ゾウガメやホッキョククジラなどは150年(まれには200年も)生きる個体もあるというから、北斎存命中に生まれたゾウガメが僕が生まれたあとにも生きていたりするわけだ。
たったゾウガメ一代分の時間差しかない時間に北斎が生きていた。
時間のパースペクティブというのを考え直さざるを得ない。
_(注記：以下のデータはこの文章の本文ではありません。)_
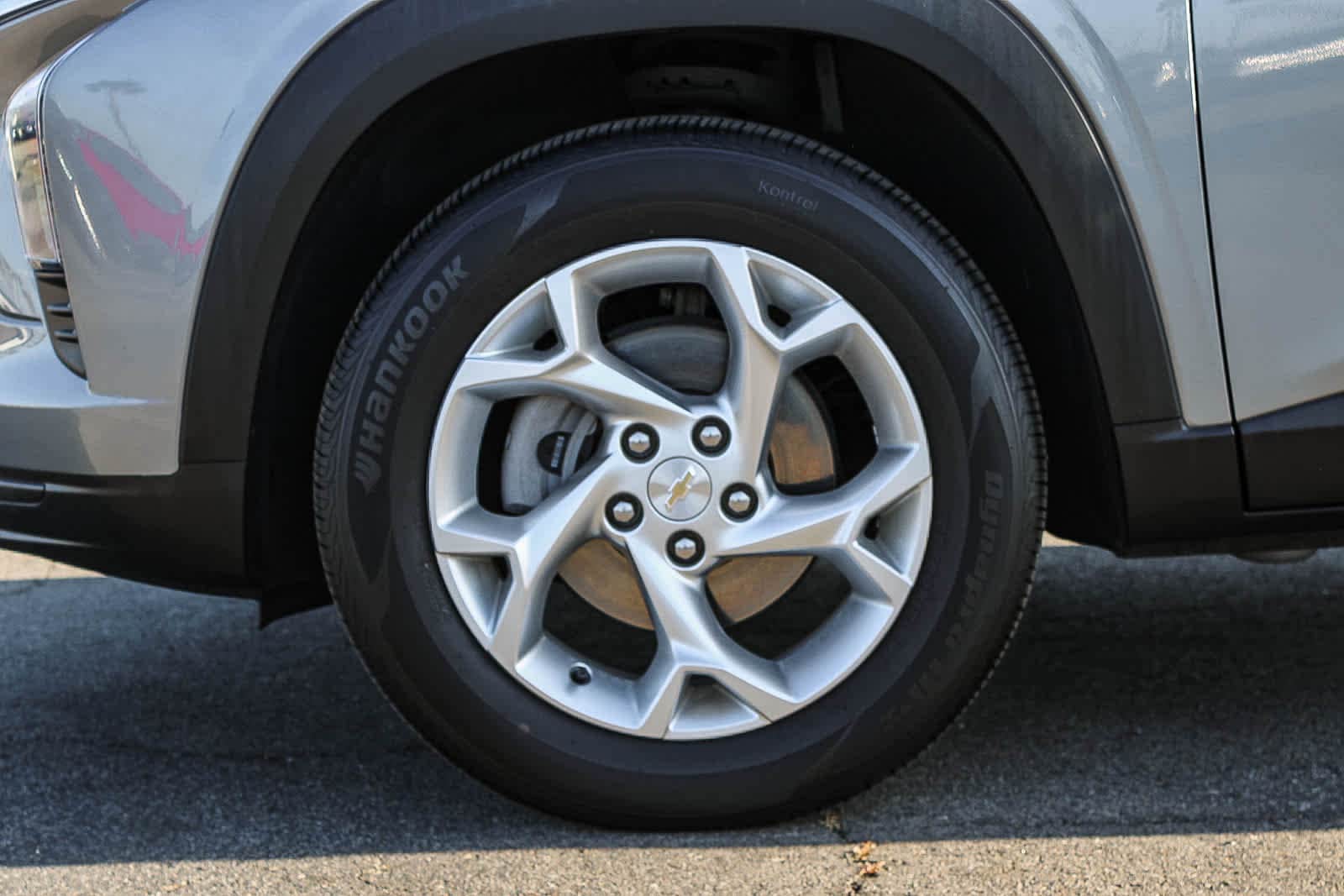 Thumbnail: 2024 Chevrolet Trax - 11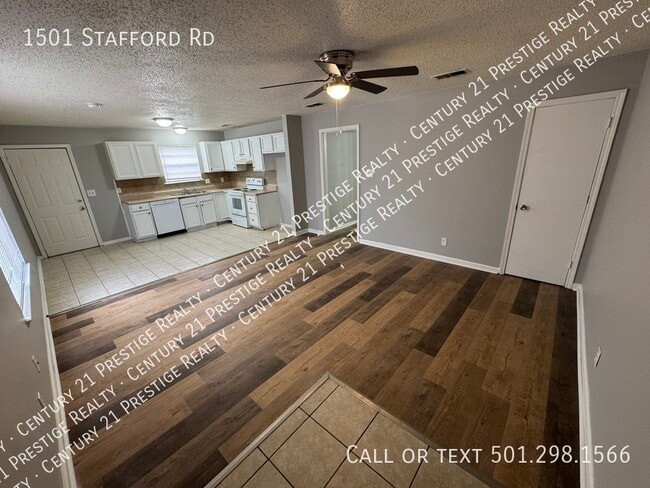 Photo - 1501 Stafford Rd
刷られた版画、描かれた絹本画、それがはるかに隔絶した年代に作られたものではなく、僕が生まれたあとにまだ生きていたとあるゾウガメが、インド洋のどこかで卵から孵った頃に江戸で描かれたものである、ということ。
鳥瞰的に見ればおそろしく近い世界のものだったのだ。
北斎もあとゾウガメ一代分だけ長生きしたら(無理だけど)、ドローンの映像とか見られたのに。
夢中でプロポを握る北斎の姿が目に浮かぶようではないか。
ジョセフ・ニセフォール・ニエプスが世界で初めてカメラ・オブスキュラの画像を定着することに成功した(=写真の発明)のが1827年、日本に銀板写真の機材がオランダから持ち込まれたのが1843年。市来四郎ら薩摩藩士がはじめて撮影に成功したのが1857年と史料にある。
葛飾北斎は1849年まで生きているから、当時日本には写真機材は持ち込まれてはいたが、まだ撮影には成功していなかったということになる。惜しくも北斎は写真を知らずに死んだ。
もし写真が北斎に間に合っていたら、アッジェのように写真機を担いで江戸の町並みを写して回ったかもしれない。
でもすぐ飽きて、写真機は娘のお栄に任せてやっぱり自分は絵を描いているかもしれない。「龍は写らないんだろ」とか言いながら。
お栄の横で溪斎英泉がプリントの焼付をしていたり。
英泉はやっぱり遊郭に写真機抱えて通うんだろうか、等々々。
ありえないことをうだうだ想像してもしかたないけれど、しかしあり得たかもしれないくらいに惜しいタイミングでもあった。
上野彦馬が長崎に写真館を開くのが1862年。北斎の死後13年、たった0.43ラピュタのタイムラグである。